Nenhum
sinal de normalidade em Gaza enquanto a matança e o sofrimento continuam
Quando
Jumaa e Fadi Abu Assi foram buscar lenha, seus pais pensaram que eles estariam
seguros. Afinal, eram apenas meninos, com nove e dez anos, e um cessar-fogo
havia sido declarado em Gaza .
A mãe
deles, Hala Abu Assi, estava preparando chá na tenda da família em Khan Younis
quando ouviu uma explosão, um míssil disparado por um drone israelense. Ela
correu para o local, mas já era tarde demais.
Desde
que o cessar-fogo mediado pelos EUA foi anunciado em 10 de outubro, as forças
israelenses mataram mais de 360 palestinos em Gaza; segundo um funcionário
da ONU, pelo menos 70 são crianças –
como Jumaa e Fadi.
Eles
foram mortos, disse a mãe, "num momento em que o derramamento de sangue
deveria ter cessado".
“Depois
que o cessar-fogo foi anunciado, senti um pouco de segurança e acreditei que
nada mais faria mal aos meus filhos”, disse Abu Assi. “Mas o destino tinha
outros planos.”
Agora,
ela está concentrada em manter vivas suas duas filhas sobreviventes.

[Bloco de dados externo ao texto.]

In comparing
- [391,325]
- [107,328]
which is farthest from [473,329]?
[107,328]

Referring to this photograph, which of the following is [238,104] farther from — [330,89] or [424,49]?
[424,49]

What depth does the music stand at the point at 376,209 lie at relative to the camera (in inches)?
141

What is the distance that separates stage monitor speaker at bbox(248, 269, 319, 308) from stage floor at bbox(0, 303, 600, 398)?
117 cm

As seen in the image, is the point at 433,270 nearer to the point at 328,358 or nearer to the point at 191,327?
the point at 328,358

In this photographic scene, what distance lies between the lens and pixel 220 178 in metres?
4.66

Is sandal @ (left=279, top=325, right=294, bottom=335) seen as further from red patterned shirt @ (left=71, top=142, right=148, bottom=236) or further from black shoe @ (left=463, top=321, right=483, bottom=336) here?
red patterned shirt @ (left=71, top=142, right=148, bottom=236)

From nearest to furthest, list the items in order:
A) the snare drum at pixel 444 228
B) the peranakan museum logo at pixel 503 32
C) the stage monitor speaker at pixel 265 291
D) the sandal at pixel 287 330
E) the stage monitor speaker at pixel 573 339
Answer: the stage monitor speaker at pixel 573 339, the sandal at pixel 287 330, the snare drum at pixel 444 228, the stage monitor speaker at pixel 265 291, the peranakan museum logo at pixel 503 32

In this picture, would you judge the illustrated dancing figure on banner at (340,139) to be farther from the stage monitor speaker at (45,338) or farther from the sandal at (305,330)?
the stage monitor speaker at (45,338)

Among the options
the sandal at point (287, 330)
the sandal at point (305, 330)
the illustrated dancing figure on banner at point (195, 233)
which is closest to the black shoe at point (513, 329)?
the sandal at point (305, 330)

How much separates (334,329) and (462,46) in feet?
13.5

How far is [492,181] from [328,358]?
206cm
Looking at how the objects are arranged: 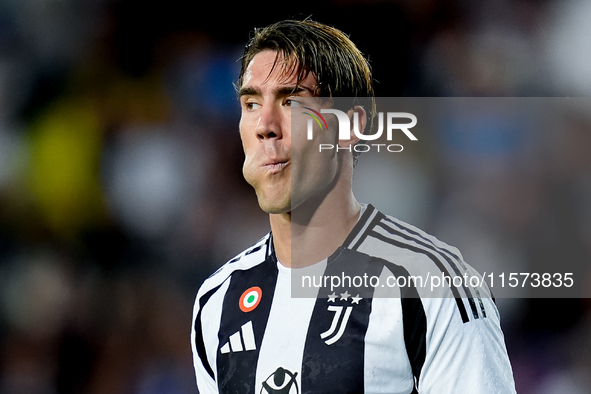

"Ainda ouço explosões e tiros", disse ela. "Não sinto que a
guerra tenha terminado."
O
número de vítimas dos ataques israelenses em Gaza caiu significativamente em
comparação com os dois anos anteriores de guerra, quando em média 90 palestinos
eram mortos por dia, mas um número significativo de civis ainda perde a vida.
Em
média, as armas israelenses matam sete pessoas por dia. Essa taxa de mortes
violentas seria considerada um conflito ativo em muitos outros contextos, o que
levanta questões sobre a precisão com que o termo "cessar-fogo"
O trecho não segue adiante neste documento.